Can you expire what is already on A00010, then bpexpdate -deassignempty, and then create a temporary pool, and then assign this media to that pool, and then create a dummy backup job to write to that pool, so that it selects A00010, and try a big backup perhaps. Or try two small backups of the same job/policy, one after another, and see if the second backup job also fails to append to the same media?
06-16-2015 07:08 AM
I've expired the tape and moved it to a seperate pool, I then created a new policy to backup some local data... The following message appears in the log when trying to execute the policy. When performing an inventory on the TLD it does see the A00010 tape.

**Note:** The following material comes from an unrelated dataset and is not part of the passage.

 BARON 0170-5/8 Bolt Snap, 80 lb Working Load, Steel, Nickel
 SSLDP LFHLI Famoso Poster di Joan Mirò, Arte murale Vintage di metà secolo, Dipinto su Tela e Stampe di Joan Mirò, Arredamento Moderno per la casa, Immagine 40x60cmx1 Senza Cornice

16/06/2015 15:04:03 - requesting resource LTO6-LIB
16/06/2015 15:04:03 - requesting resource epany-archive.NBU_CLIENT.MAXJOBS.epany-archive
16/06/2015 15:04:03 - requesting resource epany-archive.NBU_POLICY.MAXJOBS.LTO6DuplicationPool-BackupTest
16/06/2015 15:04:03 - Error nbjm(pid=2228) NBU status: 96, EMM status: No media is available
unable to allocate new media for backup, storage unit has none available(96)
06-16-2015 07:16 AM
Have you ensured the policy is using the correct pool? Also that the tape is of the same type as the tape drives in the storage unit?